The article illustrates that teacher union leaders perceive no peril in their stance against standardized testing; instead, there’s almost a sense of glee in what some view as a victorious discovery of an issue uniting various factions. These factions include right-leaning protectors of state rights (a labor historian says, ““It is a powerful issue, by virtue of the fact that the right is also against it”); “pressure within their own ranks” (the reference is to the Badass Teachers Association, 50,000 members strong, who describe their raison d’etre as “every teacher who refuses to be blamed for the failure of our society to erase poverty and inequality, and refuses to accept assessments, tests and evaluations imposed by those who have contempt for real teaching and learning”; and parents who resent testing, “particularly in wealthy suburbs and neighborhoods of New York City.”

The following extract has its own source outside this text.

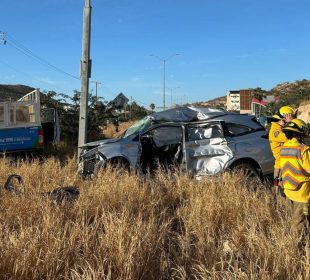 Accidente de tránsito entre dos vehículos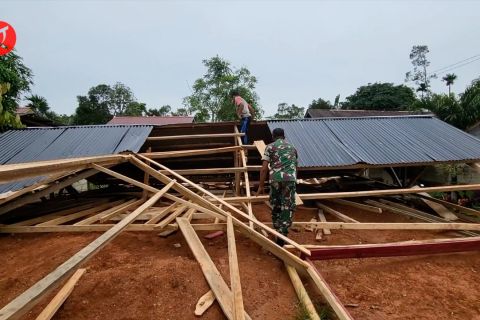 Puting beliung terjang 2 rumah di Aceh Utara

“Does it give us a platform?” said Karen E. Magee, the president of New York State United Teachers. “Absolutely.”
The article cites critics of anti-testers (see today’s related Star Ledger article on a great “We Raise N.J.” conference, held yesterday) who say that “the unions are not acting out of concern for children but are trying to undercut efforts to institute tougher evaluations. Here’s Jonah Edelman of Stand for Children:
“It’s right at the point when we finally actually have the kind of improved tests that so many folks petitioned for and advocated for for years,” said Jonah Edelman, the chief executive of Stand for Children, an advocacy group that supports charter schools and teacher evaluations that incorporate test scores. Mr. Edelman said that the organization supports legislation to reduce unnecessary testing, but “encouraging parents to opt out is not an effort to reduce overtesting.”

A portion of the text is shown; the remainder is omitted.